La tarea central del Congreso en nuestro sistema político es hacer las leyes. Tiene, pues, a su cargo modificar la Constitución, hacer las Leyes Estatutarias y Ordinarias, y aprobar algunos actos administrativos importantes, como la Ley del Presupuesto y los Planes de Desarrollo cuatrienales. Para cumplir en forma debida con estas responsabilidades es preciso estudiar. El punto de partida natural sería identificar asuntos críticos para ajustar o repensar, con fundamento en propuestas programáticas y con las herramientas apropiadas para entender el impacto ulterior de las modificaciones en el cambio normativo. Se anota que en nuestro sistema la iniciativa, en general, está en cabeza del ejecutivo, sin control efectivo, y orientado con criterios cortoplacistas, alimentados por la reticencia institucional a que el Estado asuma compromisos con cargo a vigencias futuras.
No hay en Colombia partidos políticos verdaderos, que sirvan como canales únicos para la financiación de campañas políticas, formulen planes y programas para consideración de los electores, y los ejecuten si ganan.

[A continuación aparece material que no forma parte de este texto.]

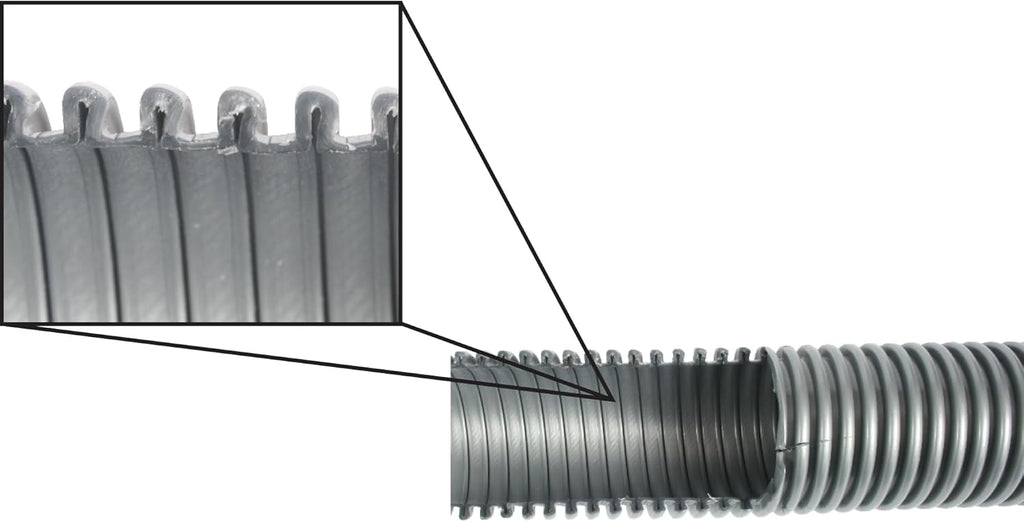 Cen-Tec Systems 30 Ft. Premium Shop Vacuum Extension Hose with 2 tank adapters and 1.25" curved end, Silver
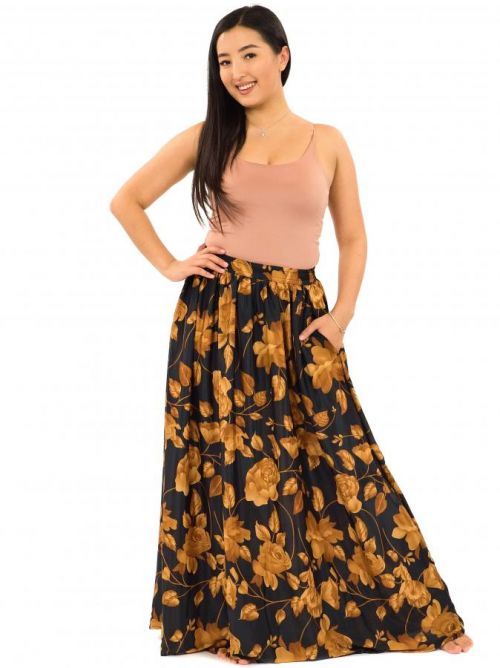Himalife Maxi sukně s kapsami Laila - černá se zlatou Velikost: S/M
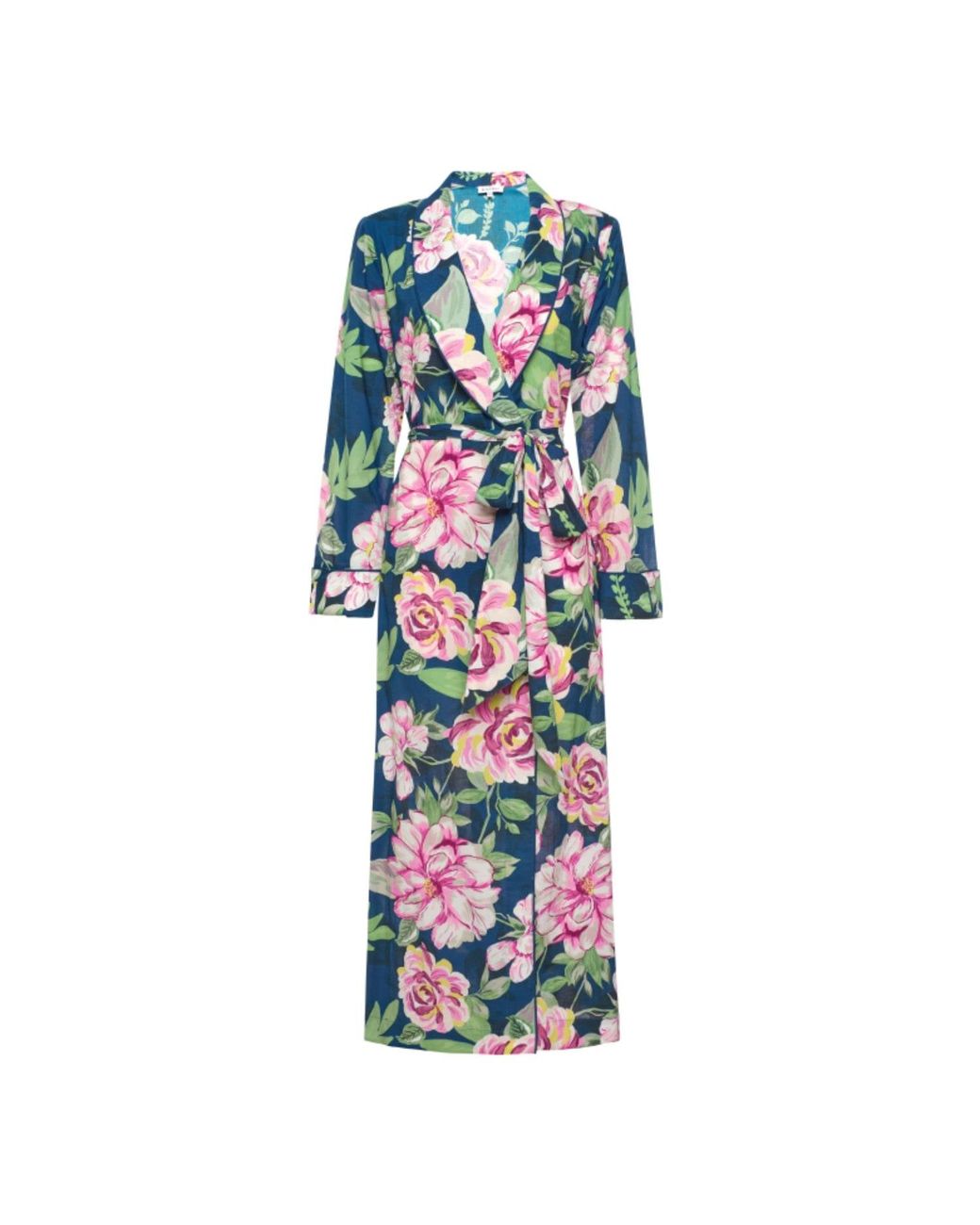 Kato Blue Matador Peonies Cotton Robe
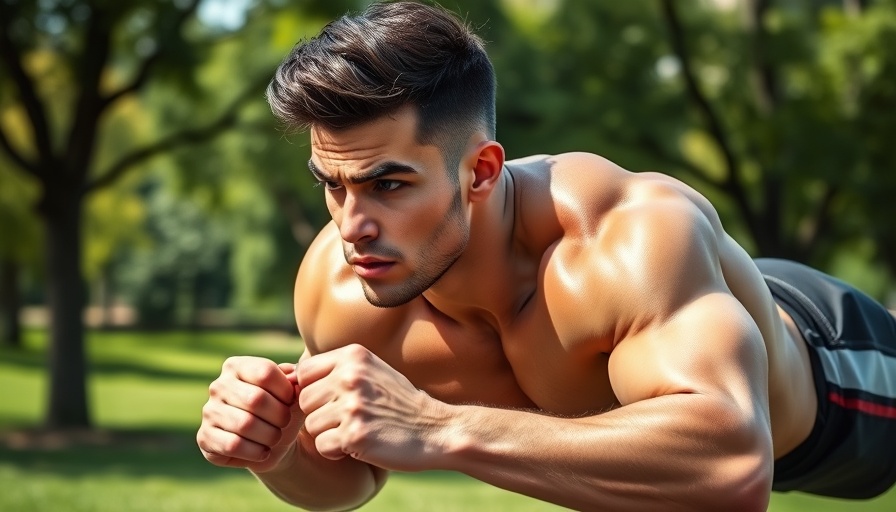 Athletic male doing plyo incline push-ups outdoors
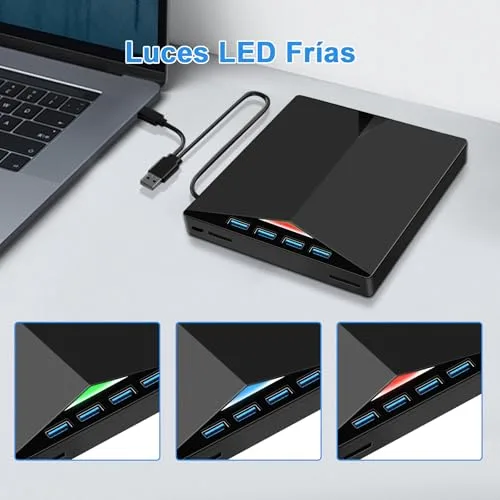 Dictien ▫️ Leitor de CD externo para PC, gravador de DVD externo superfino, unidades USB 3.0 e USB-C portáteis -RW/ROM, fiáveis para portáteis, computadores de secretária, Windows XP/7/8/10/11/Vista/Linux/macOS 6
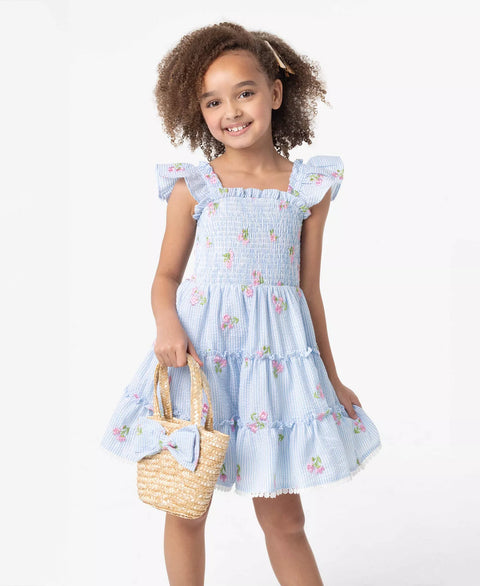 Rare Editions Girl's Blue Floral Schiffli Seersucker Dress | Rare Editions In Lebanon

Nuestros políticos profesionales no tienen responsabilidad sobre la administración pero sí suelen exigir contraprestaciones por el voto favorable a las propuestas del gobierno. La consecuencia es mala calidad del gasto público, cuyo costo es enorme: las ejecutorias del presente no tienen el impacto debido y necesario en los años futuros, lo cual es freno para el desarrollo social y económico. Además la financiación de campañas, el mayor problema de la democracia moderna, es a cargo de cada candidato, con expectativa de reembolso si logra cierto número de votos. La consecuencia perversa es que se requiere movilizar del orden de $2.000 o $3.000 millones para materializar una aspiración a Cámara de Representantes, cuya remuneración es del orden de $1.000 millones en cuatro años si se logra el resultado deseado. Además, como consecuencia de la distribución de recursos sin procedimientos rigurosos, el gasto público no atiende las estrategias apropiadas para cada ciudad región, pese a que la ilusión de 1991 era la autonomía regional. El impacto económico negativo de esta situación es muy grave.
Entre los costos del mal diseño del Congreso se destaca el efecto negativo de la ineficacia de la desacreditada justicia. Hay consenso sobre la necesidad de enderezarla, y algunos candidatos han señalado la conveniencia de usar mecanismos como Asamblea Constitucional o Referendo, pero pocas personas reconocen lo lógico: si el Congreso no es capaz de hacer las reformas necesarias, es preciso reformarlo a él. No tiene sentido corregir consecuencias sin corregir causas, porque se corre el riesgo de perder los beneficios de cualquier mejora si el futuro no se construye con procesos apropiados: se puede dañar todo lo que se haga por el deterioro natural de las cosas en ámbitos enfermos, o por retrocesos impulsados con mermelada.
No se puede persistir en el costo de tener un mal legislador. El problema no es solo de moralidad pública: el desorden del diseño institucional criollo tiene un costo abrumador. Hay que volver a construir el avión en pleno vuelo. Es mucho más barato y fácil rediseñar los procesos públicos básicos, con el cuidado necesario para proteger los proyectos importantes y buenos que hay en el Estado, que continuar con las instituciones existentes.